Turkey, US near a deal on bases

US officials say the aid package now on the table totals $6 billion in grants and up to $20 billion in loan guarantees. But with the US Army’s Fourth Infantry Division waiting aboard ships off the coast of Turkey, Washington also signaled that it may improve that offer.
Turkish Prime Minister Abdullah Gul told a meeting of business leaders in Istanbul that a US-Turkish agreement was at hand. ”They understand our worries; we understand theirs,” he said. ”A result will be reached in the coming days.”
The head of Turkey’s ruling Justice and Development Party gave lukewarm support to the plans for a US invasion with some 40,000 troops and a massive convoy of armored vehicles and supplies, to be launched from Turkey’s border with Northern Iraq.
”There would be no group decision” on the vote, the news agency Anatolia quoted the leader, Recep Tayyip Erdogan, as saying.
Erdogan said that in a parliamentary vote expected to take place on Tuesday, he hoped ”his friends would act toward the authorization.” The Justice and Development Party holds a majority in the parliament, the Grand National Assembly.

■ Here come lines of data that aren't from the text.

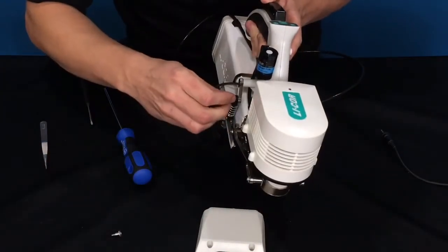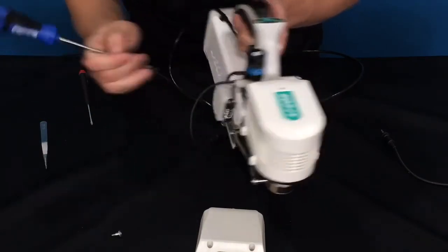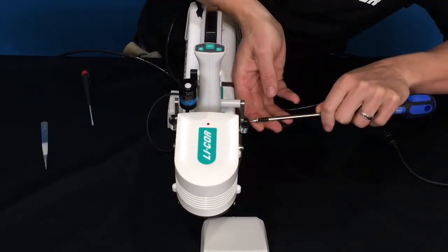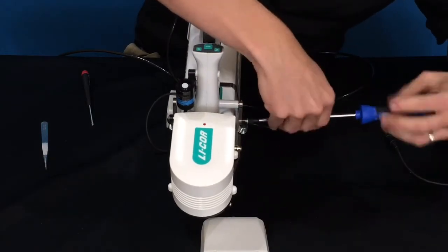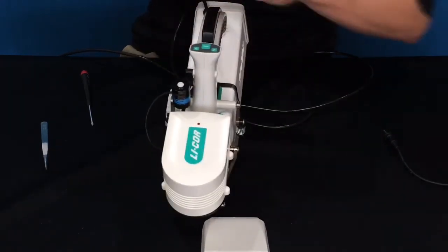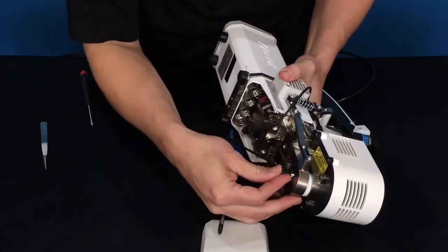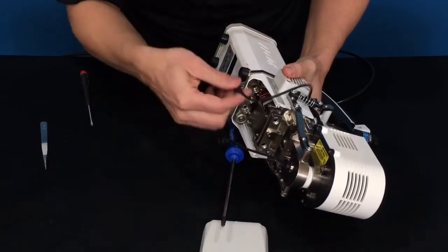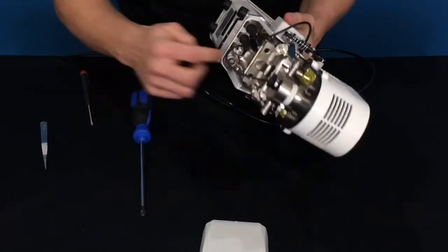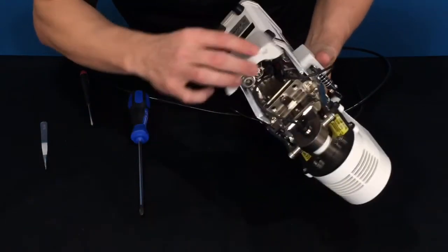Now tighten the two remaining screws in the springs, which again do not need to be excessively tightened. Then put the thermocouple back in — yours may already be installed. You can then plug in your quantum sensor and your thermocouple. With the fluorometer, there won't necessarily be a light source here because it plugs into the console. Then put the skid plate back on.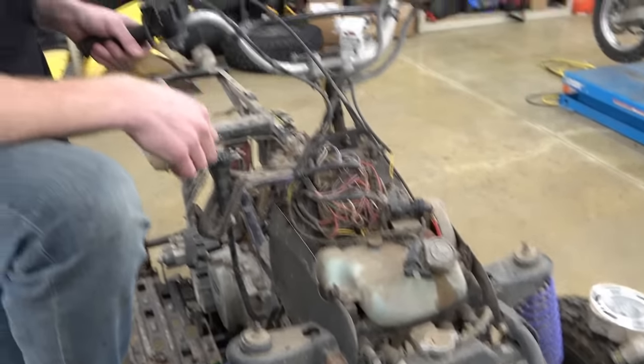We've got a blown-up quad here — this is one of the quads from our cheap quad challenge. Scattered a piston. Thing's junk. But we also have this badass 3D printer that is just very fun. Always looking for excuses and new things we can make with that sucker.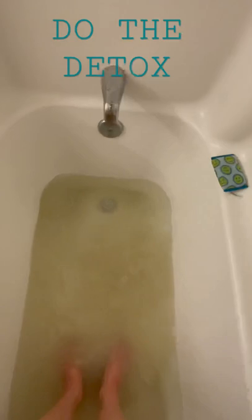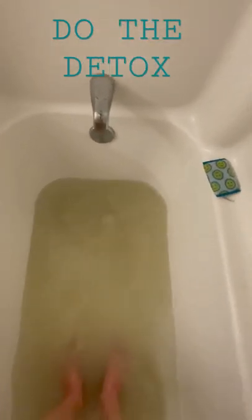It looks disgusting, but it keeps your tub sparkling clean because you're using so much borax.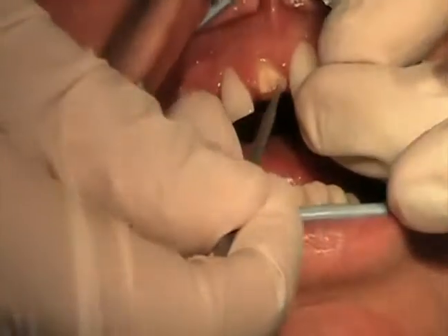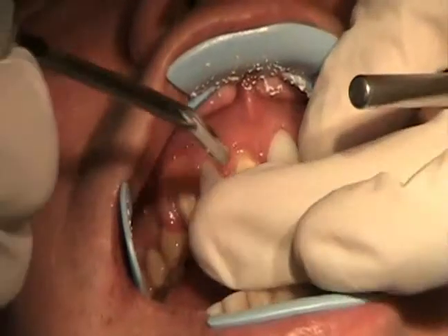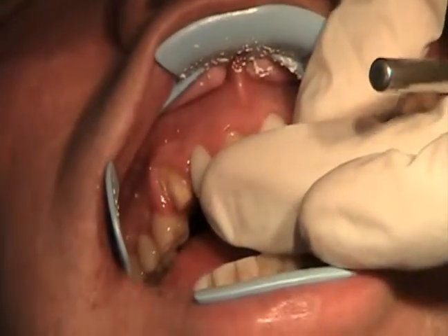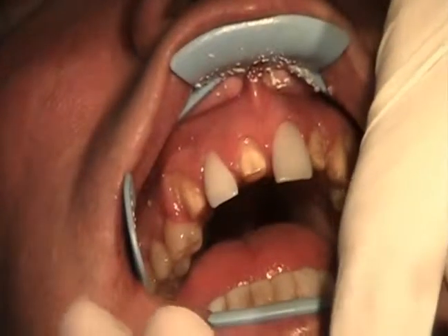So it's cementation time. We'll go ahead and put a bonding agent over the teeth. We're going to go ahead and cement that in with a resin cement. There's a little bit of adhesive properties.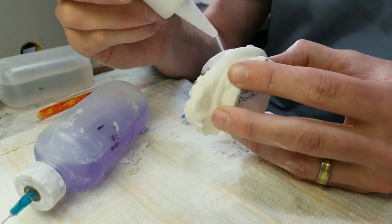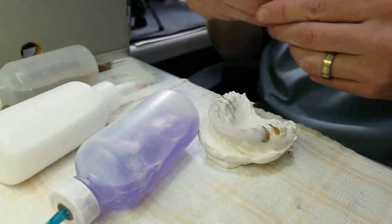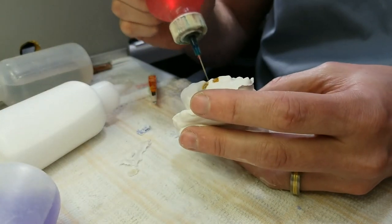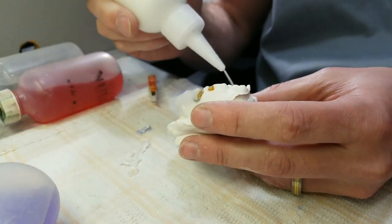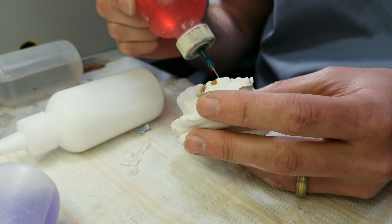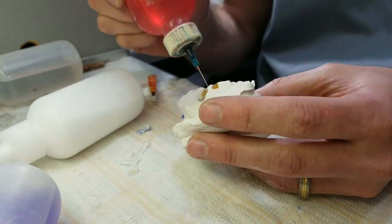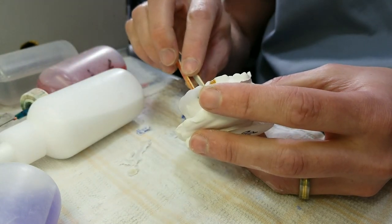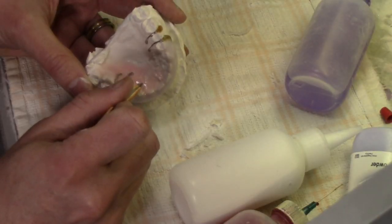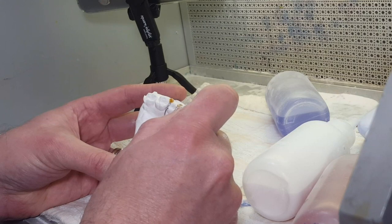If you're in dental school, I hope you're getting plenty of lab time. Put in the name insert, switch to my pink monomer. Put a layer of pink down. This camera behind me probably needs to be a better angle.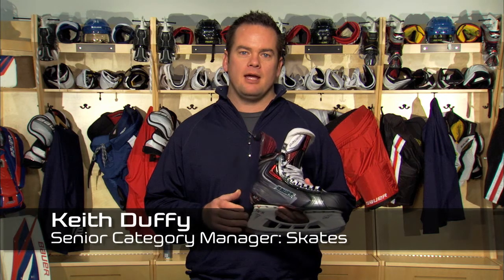I'm Keith Duffy, senior category manager for skates at Bauer Hockey. Today we're going to learn about the new Vapor APX2 Skate.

Still, an overwhelming majority of Turks – some polls put the number at 94 percent – oppose a US-led war in Iraq. Many members of Parliament will have difficulty defying their constituents, and the outcome of Tuesday’s vote was uncertain.

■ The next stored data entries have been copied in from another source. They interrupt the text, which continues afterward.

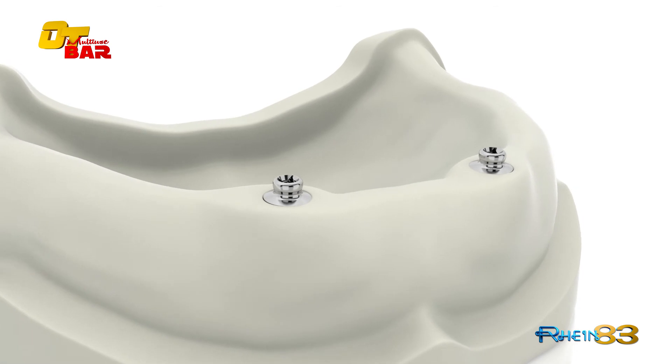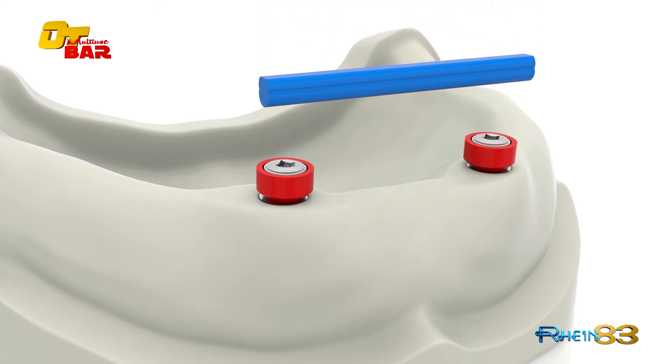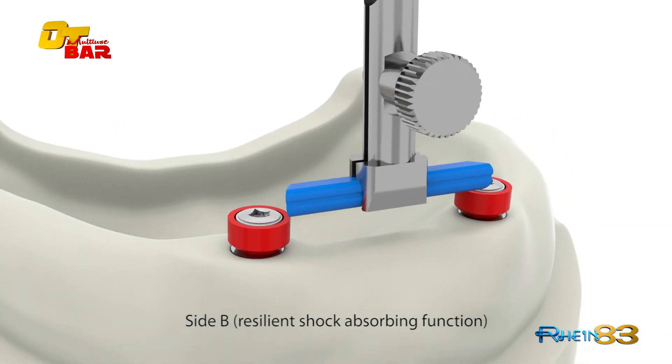Position the castable cylinder for the Seager bar and fix it with the titanium self-extracting screw with peak ring. Position the OT bar with the mandrel. In this case, side B has been chosen, which allows a resilient shock-absorbing function.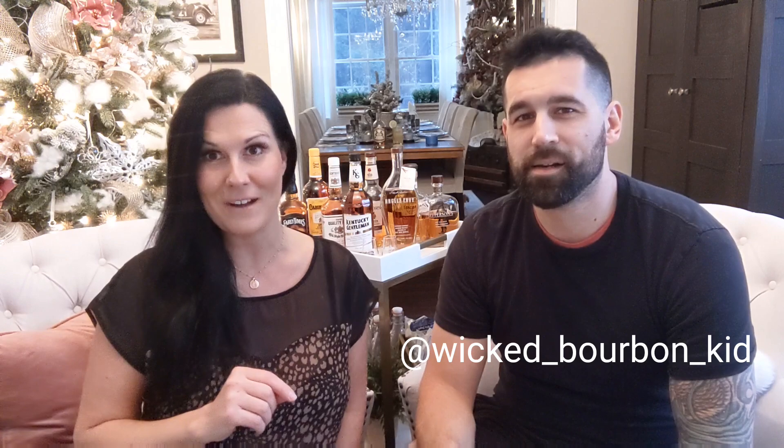If you are not following my channel, make sure you hit that subscribe button down below. Subscribe to my channel. Turn on the little notification bell so you're notified whenever I post a new video. And also, head over to Instagram and follow Wicked Bourbon Kid on Instagram.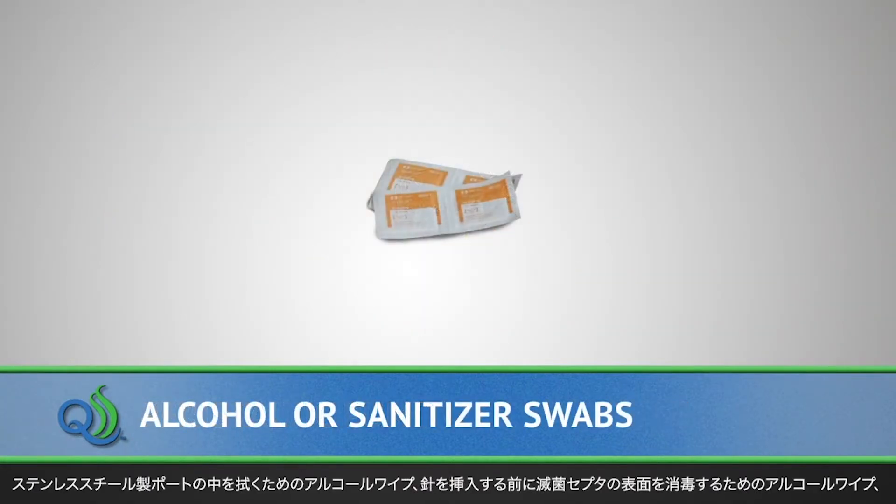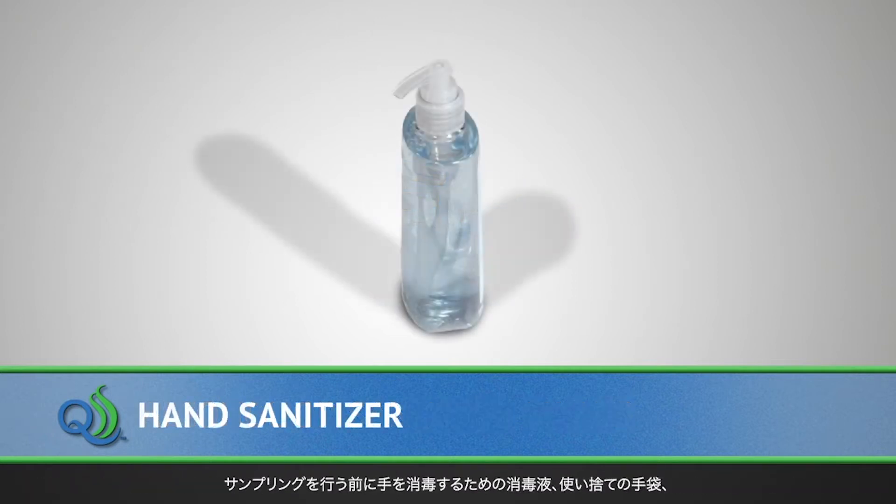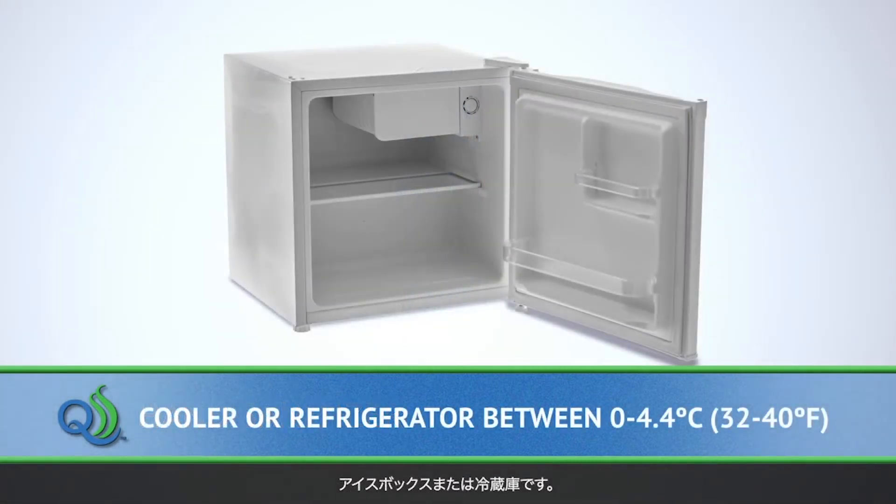Additional items include alcohol or sanitizer for swabbing the inside of the stainless steel ports and a separate swab for cleaning the surface of the QualiTrue sterile septum prior to needle insertion, hand sanitizer to clean hands before sampling, disposable gloves, and an ice chest or refrigerator.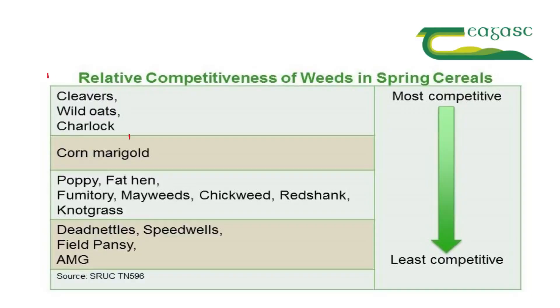When designing a weed control program, we need to use a mix of actives that have activity on our key weeds — those that will cause the biggest reduction in yield. Highly competitive weeds include the likes of charlock and cleavers, so it is very important that we have identified those and are using actives with good activity on them.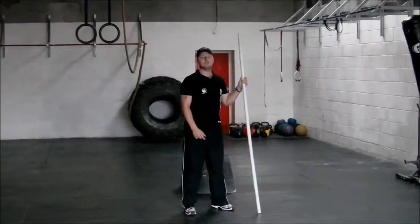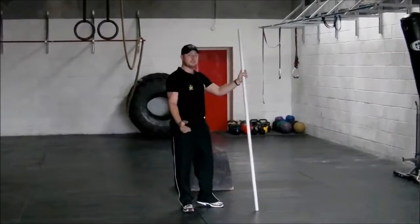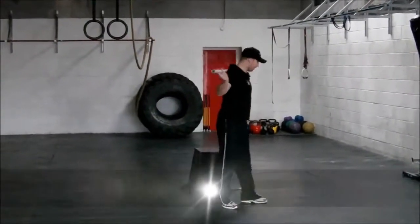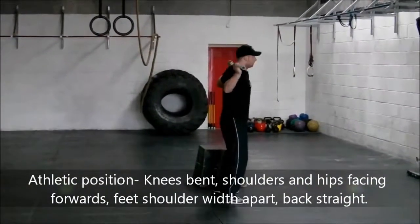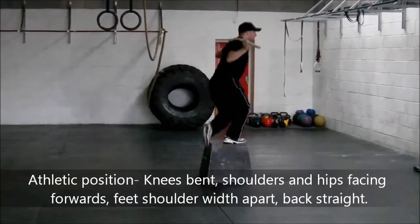Hey guys, I'm going to do a lateral cross over the box, step up from the side so you can see it from a different angle with the step there. Demonstrating a little planking with this, nice and bent, chest up, push for the right side first, up from the box.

Turkish officials have said that a war in Iraq would have a devastating impact on their tourism industry, which brings in about $10 billion a year.

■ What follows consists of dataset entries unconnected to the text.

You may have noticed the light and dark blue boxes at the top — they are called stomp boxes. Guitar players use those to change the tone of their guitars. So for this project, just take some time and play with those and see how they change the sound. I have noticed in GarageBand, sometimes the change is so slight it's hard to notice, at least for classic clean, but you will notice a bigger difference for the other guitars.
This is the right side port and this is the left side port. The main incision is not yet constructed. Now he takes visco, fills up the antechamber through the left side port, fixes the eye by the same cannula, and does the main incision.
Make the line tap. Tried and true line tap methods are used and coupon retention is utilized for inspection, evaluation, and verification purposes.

The United States has offered $6 billion and, in an effort to break the deadlock, has suggested that some of that sum could be used to guarantee additional loans beyond the $20 billion the US has offered. Washington has insisted that the loans come through the International Monetary Fund, which links economic reforms to approvals. Turkey wants the US aid to be independent of those conditions.
The Turkish hesitation on the US military plan and the aid package accompanying it has created unexpected tension between the longtime allies. Ankara supported Washington during the 1991 Gulf War.
That war cost Turkey an estimated $30 billion in lost trade and tourism dollars. And many Turks feel that the first President Bush had promised an economic aid package that he never delivered after the 1991 conflict.
That memory has prompted Erdogan to insist that the United States give a written pledge to deliver the aid and that the pledge be signed by President Bush before authorizing the deployment of US troops.
The difficulty in US-Turkish relations coincides with efforts by other US allies to slow the US march toward war and allow more time for United Nations weapons inspections in Iraq.
The United States has openly lobbied the European Union to set a date for talks on whether Turkey will be allowed to join the union. That US support has come despite continuing questions about the state of Turkey’s democracy and the question of human rights violations in a brutal military campaign against a Kurdish separatist movement that has taken 30,000 lives in 15 years of clashes.
But while Turkey relies on such backing, the dispute surrounding preparations for a possible attack on Iraq has raised questions in Turkey.
”The State Department is playing a little bit with Turkey,” said Mehmet Ali Birand, a prominent political commentator. ”They are representing the issue as if it’s only about money and that Turkey is behaving like a Middle East bazaar merchant, but that’s not it. Mainly now what is at issue is the political side of things.”
The political issues that concern Turkey include questions about the role that the ethnic Turkish and Turkmen population will play in northern Iraq after a war. Turkey says they should be given special protections, if not their own autonomous region. Ankara also worries that a push by Iraqi Kurds for an independent state could spark a new separatist movement among its own Kurds.
AnalySts said that those two issues will essentially determine what Iraq will look like after a war and that the two issues are of deep concern to Ankara, especially its powerful military.
”The most important thing is the political future of Iraq and how it will be reshaped by the British, Americans, and Turks,” said Umit Ozdag, an analyst at the Eurasian Center for Strategic Studies in Ankara.